O principal grupo de oposição, que hesitou durante dias antes de aceitar participar nas negociações, afirmou que não se unirá formalmente às conversações a menos que seja levantado o cerco a várias cidades, interrompidos os bombardeios e libertados prisioneiros. "Viemos a Genebra apenas depois que foram assinados compromissos por escrito de que haverá progressos nas questões humanitárias", afirmou Basma Kodmani, porta-voz do Alto Comitê de Negociações (ACN, oposição).

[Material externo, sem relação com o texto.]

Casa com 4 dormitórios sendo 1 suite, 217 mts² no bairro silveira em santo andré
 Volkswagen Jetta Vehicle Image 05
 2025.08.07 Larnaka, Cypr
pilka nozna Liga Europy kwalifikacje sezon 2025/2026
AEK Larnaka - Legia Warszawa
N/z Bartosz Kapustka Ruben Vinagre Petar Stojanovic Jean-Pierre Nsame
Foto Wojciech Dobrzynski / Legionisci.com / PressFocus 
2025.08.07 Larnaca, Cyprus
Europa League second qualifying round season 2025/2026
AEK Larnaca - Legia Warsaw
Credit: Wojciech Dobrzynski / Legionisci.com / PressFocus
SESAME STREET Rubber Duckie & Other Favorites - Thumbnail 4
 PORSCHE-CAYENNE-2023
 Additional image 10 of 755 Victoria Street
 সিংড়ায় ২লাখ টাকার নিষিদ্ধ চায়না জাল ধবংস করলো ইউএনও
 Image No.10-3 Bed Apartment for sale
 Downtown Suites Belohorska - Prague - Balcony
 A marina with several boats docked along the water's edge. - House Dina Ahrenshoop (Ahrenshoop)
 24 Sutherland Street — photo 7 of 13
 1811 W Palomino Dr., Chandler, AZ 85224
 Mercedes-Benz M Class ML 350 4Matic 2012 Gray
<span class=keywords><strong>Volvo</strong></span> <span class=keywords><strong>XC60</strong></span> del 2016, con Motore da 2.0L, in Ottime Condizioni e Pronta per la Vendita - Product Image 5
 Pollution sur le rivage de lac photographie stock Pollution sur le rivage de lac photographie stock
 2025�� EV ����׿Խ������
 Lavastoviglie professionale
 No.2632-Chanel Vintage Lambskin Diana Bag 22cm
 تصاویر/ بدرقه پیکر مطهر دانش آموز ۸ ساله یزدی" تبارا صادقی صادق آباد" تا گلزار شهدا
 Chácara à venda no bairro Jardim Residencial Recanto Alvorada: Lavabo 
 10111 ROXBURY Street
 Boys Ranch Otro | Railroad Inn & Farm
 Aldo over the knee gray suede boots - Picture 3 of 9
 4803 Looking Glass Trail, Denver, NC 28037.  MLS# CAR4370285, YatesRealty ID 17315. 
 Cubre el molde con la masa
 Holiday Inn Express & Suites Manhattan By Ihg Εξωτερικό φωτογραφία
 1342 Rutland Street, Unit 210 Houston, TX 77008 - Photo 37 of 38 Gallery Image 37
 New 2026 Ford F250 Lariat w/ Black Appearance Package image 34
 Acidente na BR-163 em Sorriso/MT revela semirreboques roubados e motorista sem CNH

O delegado do regime respondeu que quem estabelece condições prévias "está violando o acordo preparatório da ONU". Em meio aos atropelos, um controverso membro do poderoso grupo rebelde sírio Exército do Islã afirmou que viajará a Genebra para participar nas conversações como chefe negociador dos rebeldes. "Estou a caminho. Vou ser o chefe negociador", declarou Mohamed Allush, que espera chegar nesta segunda em Genebra.
Oposição com apoios distintos

Os Estados Unidos renunciaram em agosto de 2013 atacar o regime de Bashar al Assad, acusado de ter cometido um "massacre químico" na região da Guta, arredores de Damasco. O presidente americano, Barack Obama, foi eleito em parte por sua promessa de retirar as tropas da região e seu país não tem interesses vitais na Síria. Washington combate militarmente o EI, apoia os grupos de oposição moderada, especialmente uma força curda e árabe sunita, mas não considera a saída de Assad uma prioridade absoluta. Já outros membros da coalizão anti-jihadista, como França e Reino Unido, têm, sim, interesses diretos na Síria.

Os atentados de 2015, reivindicados pelos jihadistas do EI, atingiram em cheio Paris, que, ao lado de Berlim, Londres e toda a Europa, também enfrenta a maior crise de migrantes no Velho Continente, a maioria sírios, desde a Segunda Guerra Mundial.

Os países árabes, especialmente a Arábia Saudita e o Catar, desempenham um importante papel no conflito na Síria, onde lutam contra o Irã, seu primeiro e principal adversário na região, apoiando grupos opositores sírios. Riad e Doha financiam precisamente grupos armados salafistas na Síria. E embora a oposição política e militar tenha conseguido mais ou menos unir-se em dezembro na Arábia Saudita, o regime sírio e seus aliados rebatem sua representatividade. Finalmente, a Turquia, um país essencial, mas frágil na coalizão contra os jihadistas, também tem seus próprios interesses.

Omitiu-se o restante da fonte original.